The last confirmed murders occurred on May 24 - on that date, Petrov and Radkov went to the "Sevastopol" bar, where they shot 24-year-old bodyguard Angel Dimitrov five times, killing him. The pair then realized that 26-year-old waitress Veneta Nikolova had noticed the killing, after which they abducted her. They drove to a section of "9ti kilometar", raped her and then shot her four times.

==Arrest, trial, and verdict==
Two days after the Dimitrov-Nikolova murders, Petrov was advised by his lawyer to surrender to the authorities, which he did. Radkov and two other alleged accomplices, Kamen Kolev and Petar Petrov (no relation to Zdravko), were also arrested. While examining the suspects' house for clues, officers located a Česká zbrojovka pistol, and after comparing its shell casings to those found at the crime scene, it was confirmed to be the murder weapon. In addition to that, multiple books on psychiatry, masks and a radio station tuned in to police frequency were located.

The trial began the following year, but in July 2000, it was briefly postponed following the murder–suicide of Kolev's parents in Marten. Reportedly, his father was so distraught that his son was accused of these crimes that he killed his mother and then hanged himself. The trial eventually resumed, and in October of that year, both Zdravko Petrov and Plamen Radkov were found guilty on all counts and sentenced to life imprisonment without parole, in addition to being fined 100,000 leva. Kamen Kolev and Petar Petrov were found not guilty and released.

A year after his conviction, Petrov was convicted on a separate rape conviction and given an additional 4 years imprisonment to be served at the Sofia Central Prison.

==Escape during prison transfer==
On March 2, 2002, Petrov was scheduled to be transferred from the Sofia Central Prison to the Belene Prison. When the convoy reached Mezdra, Vratsa Province, they took off his handcuffs to hand him over to their colleagues from Gorna Oryahovitsa, but Petrov then fled into the nearby forest. Unable to apprehend him, the officers contacted their department, which in turn notified all other departments in northern Bulgaria to be on the lookout for the fugitive.

For the following two days, Petrov wandered the forest and was spotted near the village of Kreta, but managed to avoid arrest. He then boarded a train in Mezdra, but while relaxing in the train compartment, he was noticed by police officers Romil Penkov and Ilya Stoyanov. Believing that he greatly resembled the escaped convict, they told their two colleagues Ventseslav Metodiev and Biser Netsov to assist them.

Penkov and Stoyanov then approached Petrov and asked to check his documents, whereupon he attempted to flee, but was immediately apprehended. After attempting to come up with excuses, he eventually confessed to escaping from the prison convoy. A search revealed that he was only carrying a small Bible and a watch on him.
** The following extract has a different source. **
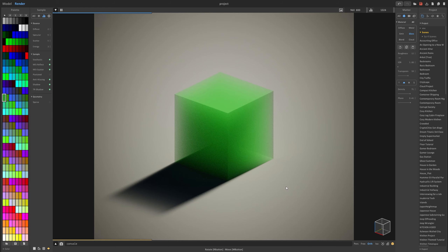Hi everyone, and welcome back to another MagicalVox tutorial. In this one, I'll show you some practical examples you can implement in your scenes using some of the materials that I covered in the last tutorial. Let's go ahead and get started.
The four officers then transported him back to Sofia.

For their efforts in arresting the fugitive, each of the four officers was gifted their own personal firearm and 1,000 leva from the Ministry of Interior's Trust and Safety Foundation.

==Appeals and lawsuits==
Since their incarceration, both Petrov and Radkov have repeatedly appealed their sentences and sued the government for various reasons. The pair has always maintained their innocence, claiming that the killings were done by a now-deceased hitman and a mysterious Russian. Although there were allegations that Mihovski and Yordanov's killings were linked to a suspected racket at the customs office in Danube Bridge, they have never been confirmed.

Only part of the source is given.